Rachel Mermelstein's entire family, including her parents, grandparents and four brothers had perished in Auschwitz. She is still emotional when she thinks of her parents, HY"D. Rachel joined a group of teenagers, all Hungarian orphans who aimed to leave for Eretz Yisrael, then under the British Mandate.
They arrived on the shores of Eretz Yisrael and made it so near to the Tel Aviv beach, they could see the city. But the British caught them, and sent all the passengers to a refugee camp on Cyprus for nine months. After their release to British Mandate Palestine, the 35 Hungarian youngsters were sent to Kibbutz Negba. A group of Polish Shomer HaTza'ir youth were already living and working there.
The Hungarian youth knew nothing about kibbutzim. They had not done hachshara to learn about agriculture and prepare for life on a kibbutz, but as Rachel said, they had nothing – no home, no family, no possessions – and they were happy and grateful for the opportunity to begin a new life and have a home of their own once again.
Rachel said that the young people were excited about the prospects of building the kibbutz, and their idealism made their arrival so positive. Said Rachel, as she balanced on her large three-wheeled bike, "We didn't know then that the Arabs would give us trouble our whole lives."
Rachel started out her kibbutz life by learning Hebrew and working in the fruit orchards, the Children's House as well as the kitchen. Suddenly the security situation on the kibbutz worsened, Rachel said. "The Arabs attacked us on convoys, buses, etc. And then the war broke out."
Rachel was put in charge of an emda (lookout post). She was given a rifle and binoculars and was charged with watching out for the enemy forces. She 17 years old and frightened, but "you do what you have to do."
A very demonstrative and personable woman, Rachel said, "My children (she has four) asked me why I stayed here. The answer is simple. Ein li eretz acheret (I have no other country) and you do what you have to do to protect your land."
Of the 35 young people who came to Israel with her, there others (also responsible for the lookout posts) were killed – a girl and two boys.
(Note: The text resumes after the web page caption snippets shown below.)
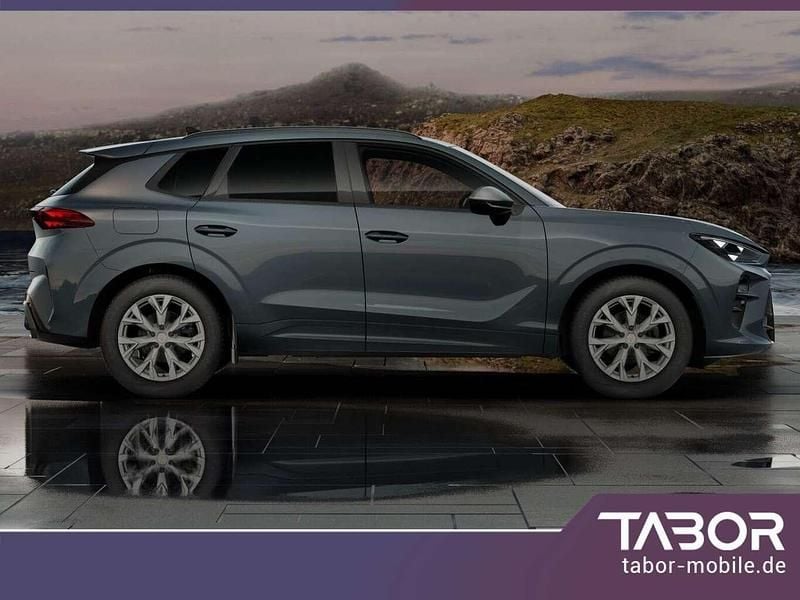 Nouă Cupra Terramar 150 CP (110 kW) 2026 Albastru SUV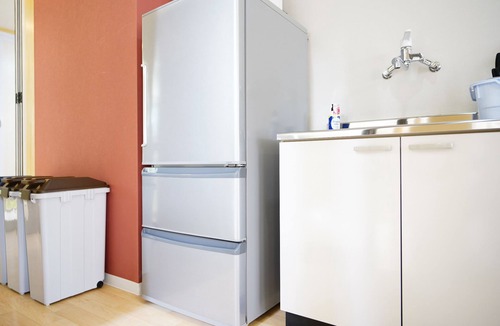 Naha City Centre Apartment | 101 Kitchen and Nice 2 bathrooms 16 people/Naha Okinawa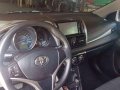 Toyota Vios e 2016 automatic FOR SALE-1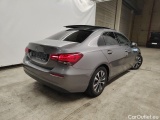 Mercedes  A-Klasse Mercedes-Benz  Limousine A 180d Business Solution 4d #2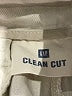 Gap 100% Cotton Tan Gray Khakis Size 6 - photo 6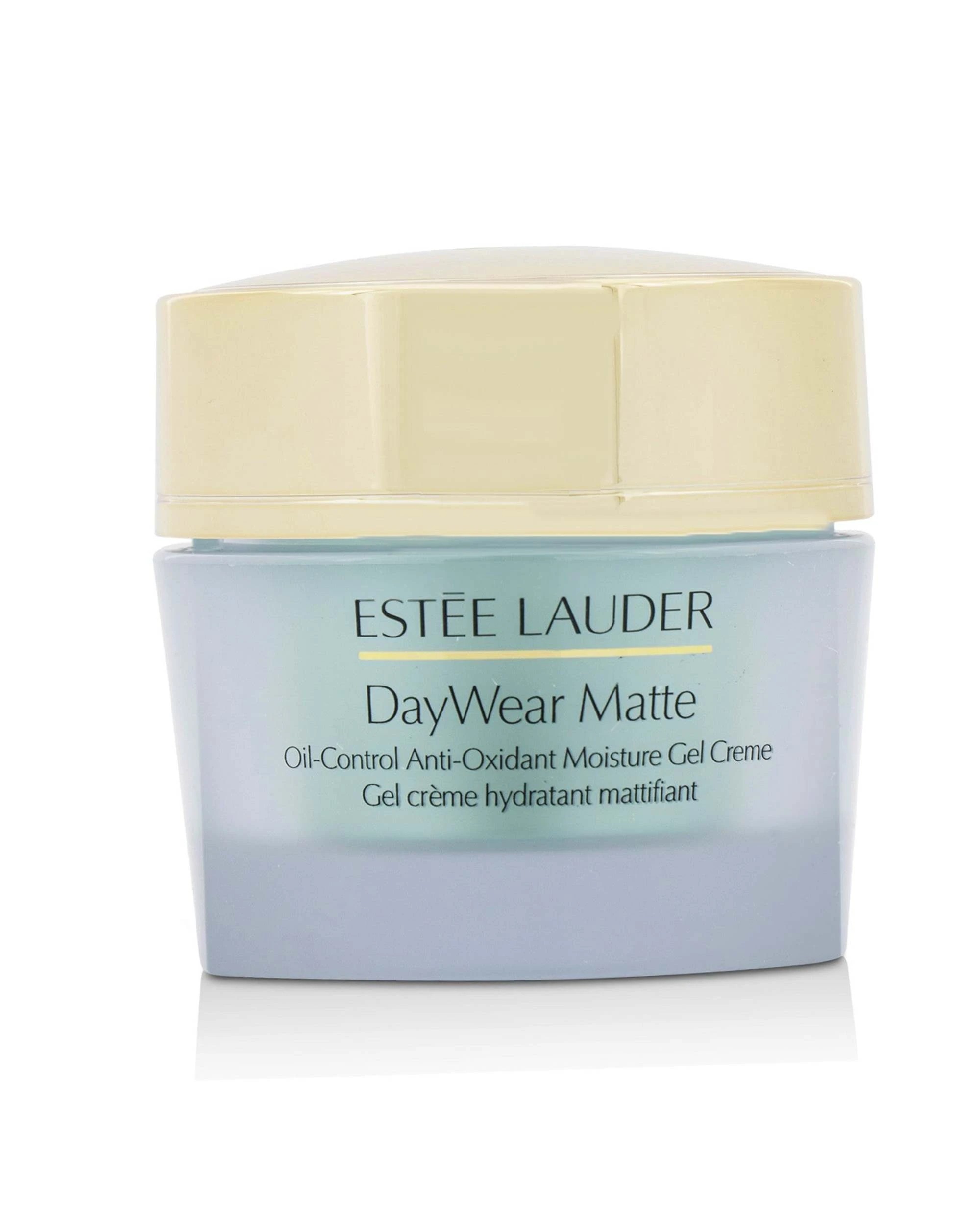2 Estee Lauder DayWear Matte Oil-Control Anti-Oxidant Moisture Gel Creme - Oily Skin  50ml/1.7oz, 2 of 3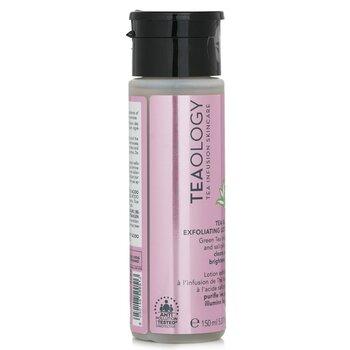Teaology Tea Glow Exfoliating Lotion 150ml
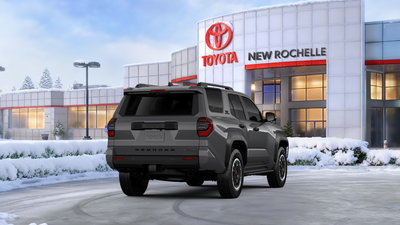 2026 Toyota 4Runner i-FORCE MAX 4Runner TRD Off-Road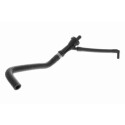 Tubo flexible, ventilación del cárter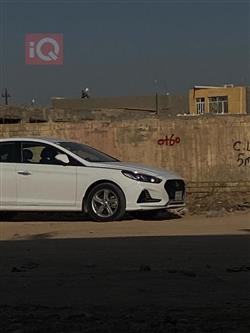 هیوندای سۆناتا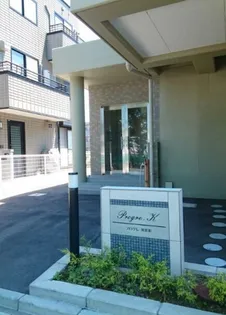 プログレ河原町の画像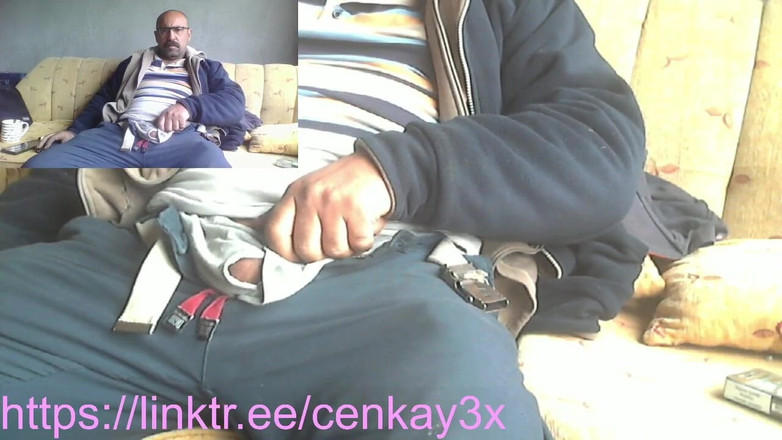 CenkAy: Il tuo Efendniz è Live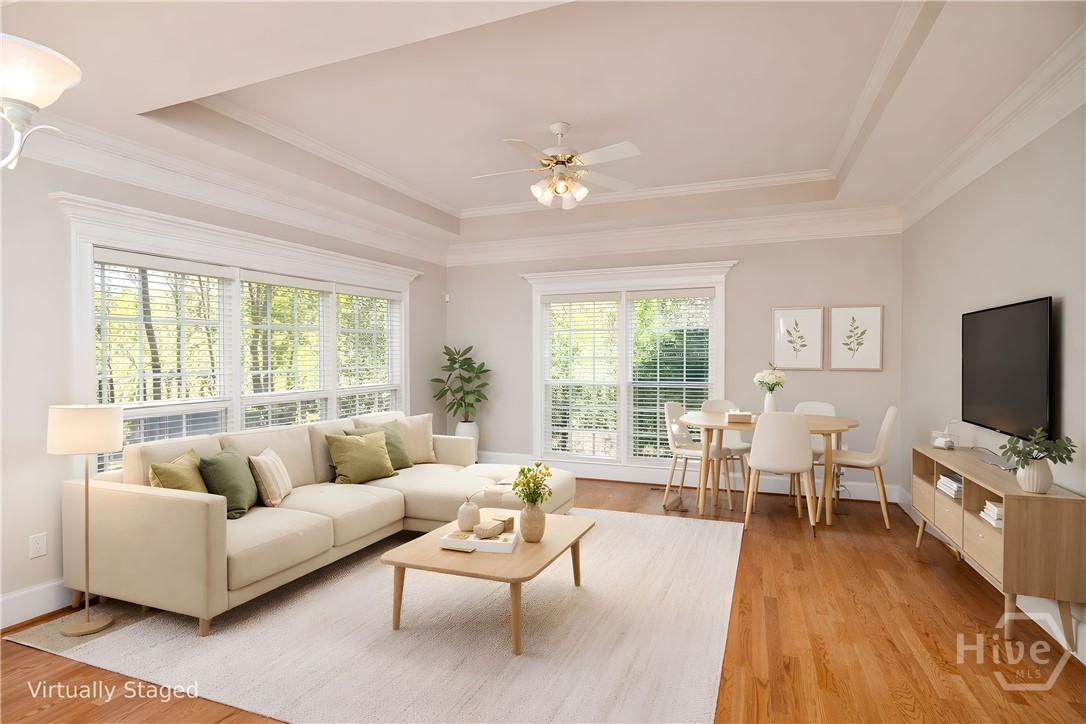 218 Thornhill Drive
Negba's 150 young people fought with heroism in the face of an onslaught by the Egyptian Army's 1000 soldiers. They were reinforced and during the second attack, they had 200 young people to face 2000 Egyptians. B"H, although the kibbutz was destroyed, the Negba youth had prevailed.
After the war, Rachel and the other youngsters married and began to raise families. They lived a fulfilling life on the kibbutz.
Now 70 years later, the kibbutz is not so kibbutz-y, but some of the original pioneers of Negba can still be found riding around the tree-lined paths. Most are in their 90s, but their lives are still active.
Rachel has two of her four children and several of her grandchildren living on Negba. After 64 years, she is still content to live under the giant ficus trees and the old water tower of Kibbutz Negba.